Walking to my favourite coffee shop in Luxembourg city centre yesterday, I walked past a small crane on the back of a truck, with two people in it, installing a new street art feature down the pedestrian street: dozens of colourful umbrellas hanging in rows.
It seems that even (especially) after two weeks of wall to wall sunshine and heat, Luxembourg is always prepared for rain!
In the meantime, Rasmus and I are busy each evening watering all our balcony plants to keep them alive in this dry weather – especially those courgettes who seem to be the thirstiest of them all.
It reminds me of something that was said in a sermon at our church a few weeks ago. Jonathan was preaching on the story of the showdown between God’s prophet Elijah and the hundreds of prophets of Baal. A bizarre, bloody and fascinating story if ever there was one.
But it was the context that struck me anew this time. There has been no rain for a long time. For over three years in fact. There is drought in the land.
The earth of the fields cracked open. Fertile soil turned to dust. Animals dying from lack of food. Children dying from lack of food. And in their desperation, people will seek for any path that promises hope, even the wrong one.
And the question I walked away with, the one that’s been humming in my own heart since then, was, “where are there areas of drought in my own life?”
Where am I operating out of scarcity instead of abundance? Where have I failed to water what desperately needs water to grow? Where is the soil turning to dust from lack of rain? And where might I be turning in the wrong direction because I am living out of that place of famine?
It’s been especially interesting to ask myself this question in the last months of pregnancy, as my growing body has demanded more rest from me, even as I try and get more done in preparation. I’m having to learn new rhythms of living these weeks, and glimpsing in those new rhythms some of the lack I was living out of before.
An attitude of scarcity is not always easy to see. It disguises itself as responsibility, as a good work ethic, as the oh-so-Christian servant heart. It pretends to be something positive as we boast about how busy we are, how rushed off our feet, how stressed because of all the good things we are cramming in to our days.
I’ve handed over so many of my tasks and roles in the last month. Letting go has been hard. It’s involved uncurling my tightly bound fingers one by one as I hand over the baton. I desperately want to be needed. I want to be indispensable to others.

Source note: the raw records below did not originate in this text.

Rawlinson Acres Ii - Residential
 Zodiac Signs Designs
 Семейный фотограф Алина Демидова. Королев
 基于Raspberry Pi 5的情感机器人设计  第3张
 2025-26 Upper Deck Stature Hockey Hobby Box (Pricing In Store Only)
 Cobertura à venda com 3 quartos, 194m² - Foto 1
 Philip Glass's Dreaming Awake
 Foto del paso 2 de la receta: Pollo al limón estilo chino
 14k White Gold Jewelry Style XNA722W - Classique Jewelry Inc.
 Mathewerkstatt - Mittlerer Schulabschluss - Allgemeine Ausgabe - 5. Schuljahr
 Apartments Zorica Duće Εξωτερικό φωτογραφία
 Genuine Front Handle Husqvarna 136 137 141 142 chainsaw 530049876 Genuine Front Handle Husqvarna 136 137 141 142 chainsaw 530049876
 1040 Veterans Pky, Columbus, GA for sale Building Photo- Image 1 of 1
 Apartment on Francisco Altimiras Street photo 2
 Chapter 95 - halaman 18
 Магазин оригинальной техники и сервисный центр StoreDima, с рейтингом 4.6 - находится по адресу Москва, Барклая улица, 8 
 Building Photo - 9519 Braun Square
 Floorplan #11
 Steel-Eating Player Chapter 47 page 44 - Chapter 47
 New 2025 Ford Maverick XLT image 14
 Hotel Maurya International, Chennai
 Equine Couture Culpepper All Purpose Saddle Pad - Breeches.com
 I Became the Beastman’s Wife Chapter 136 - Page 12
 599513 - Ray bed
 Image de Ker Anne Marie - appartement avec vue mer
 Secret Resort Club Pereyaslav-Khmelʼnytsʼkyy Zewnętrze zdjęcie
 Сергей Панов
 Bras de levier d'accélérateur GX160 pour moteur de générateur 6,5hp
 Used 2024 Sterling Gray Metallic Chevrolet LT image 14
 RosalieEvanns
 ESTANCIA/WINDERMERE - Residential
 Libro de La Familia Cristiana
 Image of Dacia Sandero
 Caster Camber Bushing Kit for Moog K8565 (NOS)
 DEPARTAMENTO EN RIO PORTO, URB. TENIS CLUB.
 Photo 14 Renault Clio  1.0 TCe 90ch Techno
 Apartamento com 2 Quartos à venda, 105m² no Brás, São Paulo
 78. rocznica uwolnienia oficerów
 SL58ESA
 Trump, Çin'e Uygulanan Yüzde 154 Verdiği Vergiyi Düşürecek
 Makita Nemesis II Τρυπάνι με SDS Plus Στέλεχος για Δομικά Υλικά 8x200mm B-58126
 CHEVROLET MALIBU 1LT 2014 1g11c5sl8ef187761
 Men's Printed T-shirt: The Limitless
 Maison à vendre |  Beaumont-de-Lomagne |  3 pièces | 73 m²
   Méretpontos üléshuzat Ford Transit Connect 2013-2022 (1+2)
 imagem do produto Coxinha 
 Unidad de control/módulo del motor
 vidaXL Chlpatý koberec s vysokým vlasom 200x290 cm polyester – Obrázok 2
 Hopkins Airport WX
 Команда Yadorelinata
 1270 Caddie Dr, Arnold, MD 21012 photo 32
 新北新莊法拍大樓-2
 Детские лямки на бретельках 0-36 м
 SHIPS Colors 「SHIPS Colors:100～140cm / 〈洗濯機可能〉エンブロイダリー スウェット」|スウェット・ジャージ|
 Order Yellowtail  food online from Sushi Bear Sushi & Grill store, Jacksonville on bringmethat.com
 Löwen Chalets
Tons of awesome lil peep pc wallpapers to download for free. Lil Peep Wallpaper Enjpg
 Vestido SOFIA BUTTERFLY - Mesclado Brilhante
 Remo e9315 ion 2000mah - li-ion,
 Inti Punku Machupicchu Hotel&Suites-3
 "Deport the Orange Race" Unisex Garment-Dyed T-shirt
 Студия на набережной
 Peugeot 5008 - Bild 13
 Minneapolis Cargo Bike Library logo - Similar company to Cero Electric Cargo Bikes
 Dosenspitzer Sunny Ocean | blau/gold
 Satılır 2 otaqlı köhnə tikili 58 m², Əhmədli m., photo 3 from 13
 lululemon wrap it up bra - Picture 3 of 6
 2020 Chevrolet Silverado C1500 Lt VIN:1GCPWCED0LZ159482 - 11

But in addressing that emotion in me, I’ve seen suddenly the withered plants and the gaping cracks in the ground. I’ve realised that this is an area of drought, not of plenty. I’m holding on because I fear there won’t be a role for me, a purpose for me, if I give up these things. I’m scared that God might think less of me, might love me less, if I’m not juggling a dozen different responsibilities at the same time.
I’m believing in the lie of scarcity, not the truth that I am already enough, and that in that enough I find the surprise of abundance.
I start instead to hear the gentle call to water this area of my life, to feed it with some truth instead of fearful lies. I start to tell myself that my worth is not in how many people are relying on me today. My worth is not in how many tasks I have ticked off a list. My worth is not in the number of new emails and messages that flood my inbox every hour.
Without those things, I can feel a bit adrift some days. It takes time to readjust my perspective. The clouds slowly roll in, heavy drops begin to fall one by one on the dusty ground. New growth won’t come over night. But it’s amazing how quickly the grasses will grow once the living water arrives. And as the streams start to flow in the desert, I can scoop up deep mouthfuls of fresh water and suddenly realise just how thirsty I have been.
“They will neither hunger nor thirst,
nor will the desert heat or the sun beat down on them.
He who has compassion on them will guide them
and lead them beside springs of water.” Isaiah 49
“If anyone thirsts, let him come to me and drink.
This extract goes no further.